Examination revealed a confused patient, in painful distress, he is conscious with GCS of 13/15, with active bleeding from the facial injuries, scalp, and the mouth. The Right lower limb was splinted (had Fractured Tibia and Fibular). There was no CSF otarrhea nor rhinorrhea. BP ranged between 100/60 - 110/70. Pulse 110-126 bpm (after resuscitation), SPO2 96-98% (room air) with respiratory rate of 20 breaths/min, no respiratory difficulty. Airway assessment revealed multiple abrasion around the neck, bleeding from the angle of the mouth, with exposed mobile, fractured, right mandible. Urgent blood grouping and cross-matching was the only investigation one could assess. He was premedicated with intravenous Ranitidine and Metorclopromide.
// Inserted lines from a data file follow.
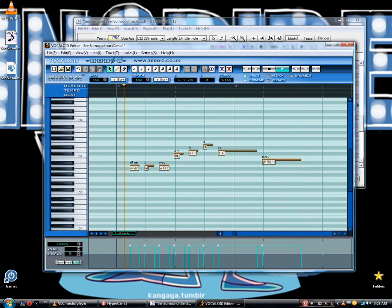Give it a minute. It's older Vocaloid so you have to be a little patient with it - it doesn't render as fast.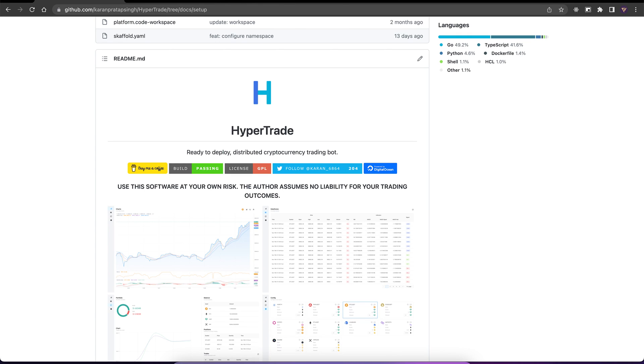In this video, I wanted to go over a fun weekend project I was recently working on. So this is Hypertrade. It is an event-driven distributed cryptocurrency trading bot.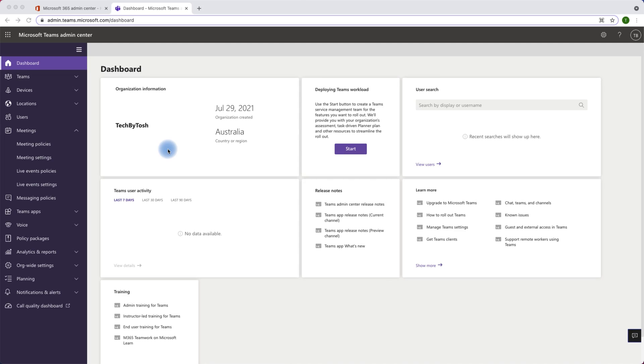Hello and welcome to Tech by Tosh. My name is Toshit and in this video we will learn about meeting settings in Microsoft Teams, how you can control anonymous users joining your team meetings and maybe prevent their actions. So what are we waiting for? Let's jump in and have a look.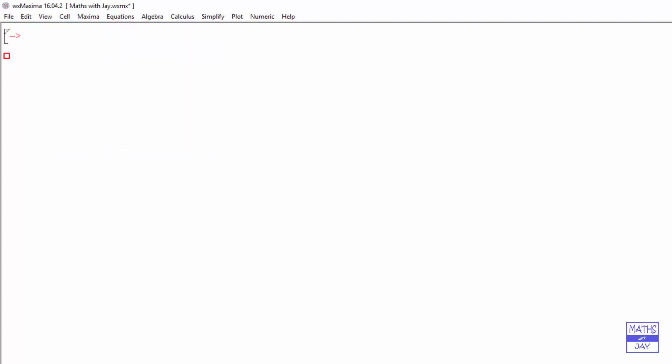Let's do something really simple. Let's find the highest common factor of two numbers. Right, so that's our title input.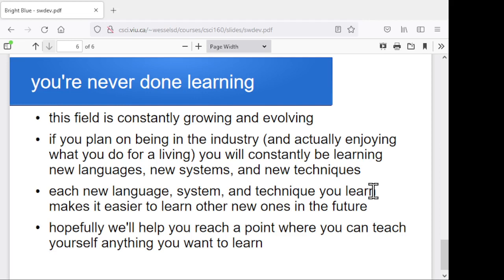That's our goal. If we don't get there, then I don't feel like we've done our job properly. I'll leave that there and maybe next time we can get into looking at some systems.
Difficult airway was anticipated and planned for. Though there was no Fibreoptic laryngoscope, and other visual aids of securing the airway, and no ENT surgeon within the facility, however we had Resus I-gel LMA, Classic LMA, intubating bouggie, and a 16G cannular with a connector, as back up. The airway was successfully secured via nasotracheal intubation using the conventional Macintosh laryngoscope, after induction with Ketamine, with Cricoid pressure application and In-Line stabilization of the C-spine Patient had a successful surgery. Extubation was done 4 days later and patient made a good recovery.
Conclusion
Airway management in Maxillofacial injuries is challenging irrespective of the environment and equipment available. Clinical status and features of the trauma dictates the approach for securing the airway. Various steps of difficult airway management need to be planned before airway management is initiated. Familiarizing with the available airway devices is necessary for better outcome as seen in this management.